Directions —
Give back the lines below exactly, but do not include any pictures.

Dataset content —
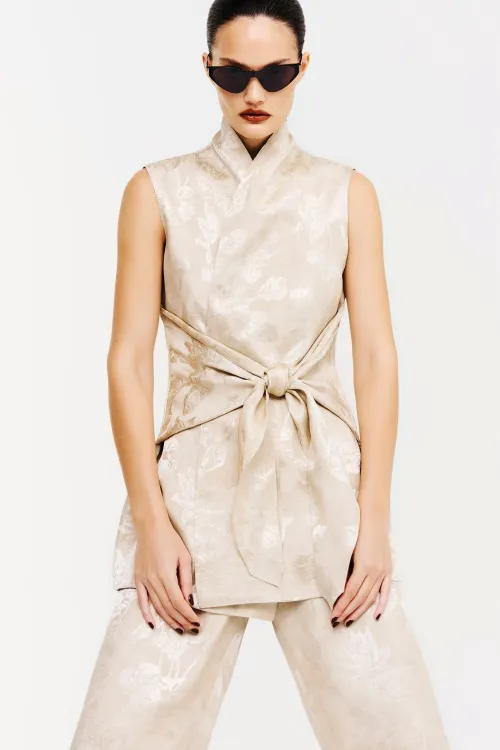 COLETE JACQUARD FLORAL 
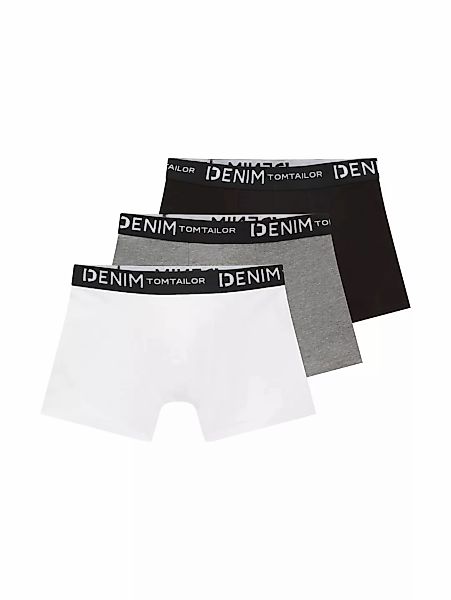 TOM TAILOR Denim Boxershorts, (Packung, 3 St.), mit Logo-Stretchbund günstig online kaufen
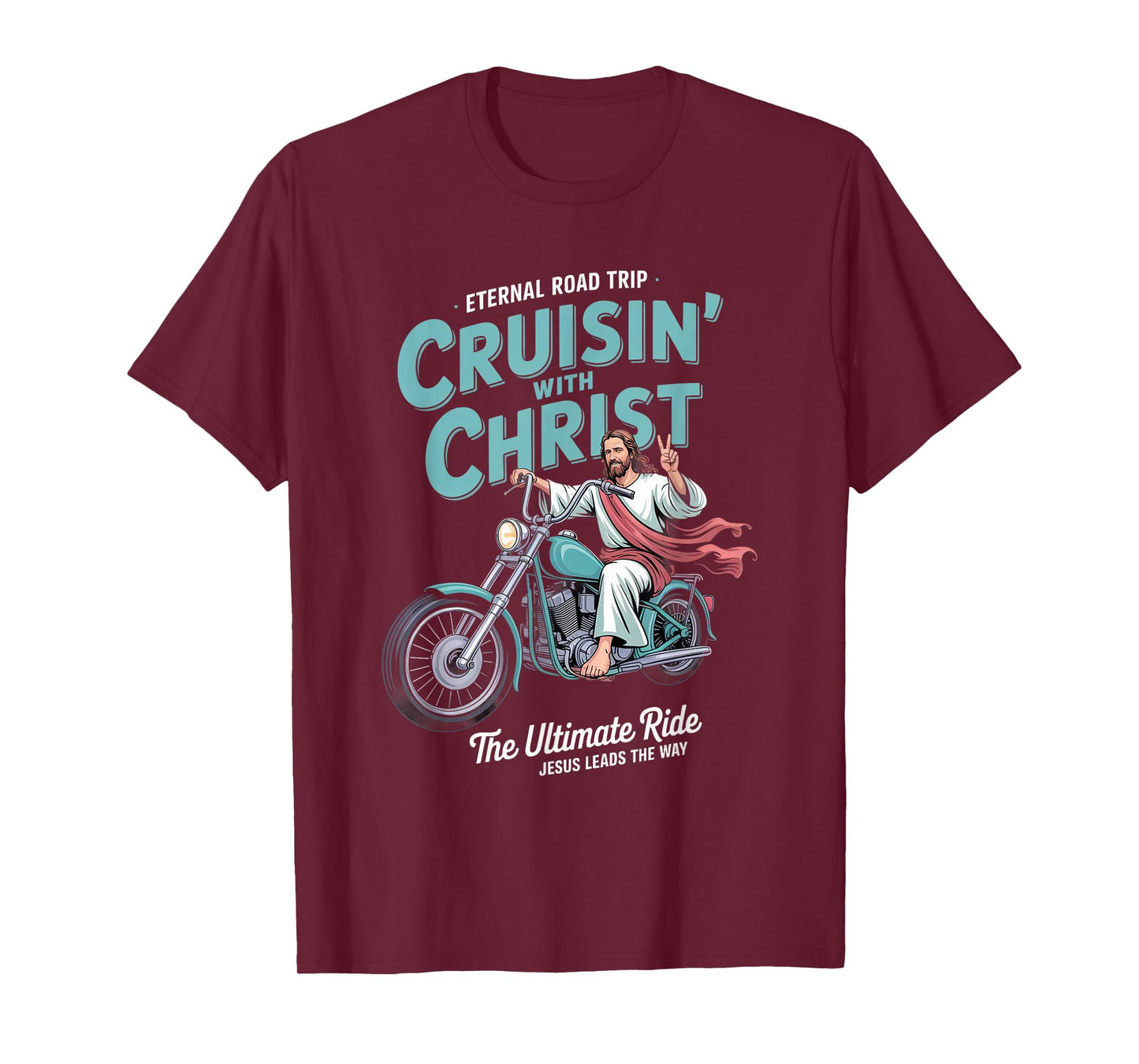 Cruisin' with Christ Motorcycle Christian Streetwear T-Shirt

Solution below —
 COLETE JACQUARD FLORAL 
 TOM TAILOR Denim Boxershorts, (Packung, 3 St.), mit Logo-Stretchbund günstig online kaufen
 Cruisin' with Christ Motorcycle Christian Streetwear T-Shirt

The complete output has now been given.